Book Reviews: ‘Armed Madhouse’, ‘The Shock Doctrine’, & ‘The Russian Revolution in Retreat, 1920-24’

Oil and the Rest

‘Armed Madhouse’. By Greg Palast, (Penguin £8.99)

There are three main themes in this book: the relation of oil to the US invasion of Iraq, the plight of American workers, and the way in which US elections are manipulated. Despite its American emphasis, it’s well worth a read.

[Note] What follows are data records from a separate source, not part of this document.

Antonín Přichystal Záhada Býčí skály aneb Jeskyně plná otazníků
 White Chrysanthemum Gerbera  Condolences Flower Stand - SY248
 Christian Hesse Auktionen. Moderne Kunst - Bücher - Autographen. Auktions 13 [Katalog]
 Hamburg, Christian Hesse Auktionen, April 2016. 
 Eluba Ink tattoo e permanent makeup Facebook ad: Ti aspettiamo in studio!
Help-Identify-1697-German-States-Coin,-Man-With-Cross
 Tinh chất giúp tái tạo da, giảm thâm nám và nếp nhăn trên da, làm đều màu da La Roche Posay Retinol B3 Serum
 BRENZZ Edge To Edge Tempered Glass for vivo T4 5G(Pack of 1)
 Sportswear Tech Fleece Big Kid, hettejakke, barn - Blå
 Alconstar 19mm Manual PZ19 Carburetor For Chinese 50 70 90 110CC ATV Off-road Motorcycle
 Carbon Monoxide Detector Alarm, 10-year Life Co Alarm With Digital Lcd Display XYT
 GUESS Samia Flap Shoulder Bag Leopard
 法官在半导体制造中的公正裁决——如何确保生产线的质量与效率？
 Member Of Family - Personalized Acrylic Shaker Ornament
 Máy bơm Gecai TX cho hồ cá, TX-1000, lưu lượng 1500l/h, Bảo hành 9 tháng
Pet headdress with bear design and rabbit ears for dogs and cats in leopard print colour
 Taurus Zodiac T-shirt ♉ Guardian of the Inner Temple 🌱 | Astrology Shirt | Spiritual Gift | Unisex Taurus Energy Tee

It is hardly original to claim that the Iraqi invasion was due to US concerns over oil supplies. Palast, however, goes much further than this and argues that there were two conflicting views within the American ruling class. The neo-conservatives wanted to sell Iraq’s oil fields to various private companies, leading to a massive increase in production. This flooding of the market would undermine OPEC, which operates by imposing production limits, and so bring Saudi Arabia to its knees. In contrast, the big American oil companies opposed a sell-off and wanted the oil to be owned by the Iraqi state. That would make it straightforward to restrict production and keep prices high, thus boosting their profits and the value of their own reserves. The invasion, then, would not be about gaining access to Iraqi oil but about controlling the world price of oil (which was difficult with the unpredictable Saddam in power). Palast argues that Big Oil and their State Department allies eventually won the day — the price of oil now would seem to back this up.

Domestically, American capitalism is becoming more and more unequal. One percent of US households own 53 percent of all shares in the stock market. Median wages have gone down by 4 percent under Bush, but the bottom fifth of earners have lost no less than 20 percent of their income. Between 2000 and 2006 output per worker in America went up by nearly one fifth, but workers get less and less of what they produce. Nearly three million are no longer entitled to overtime at time-and-a-half after working forty hours a week. Modern-day capitalism needs a certain number of highly-educated workers, but the rest need to be identified early so that little money is wasted on ‘educating’ them.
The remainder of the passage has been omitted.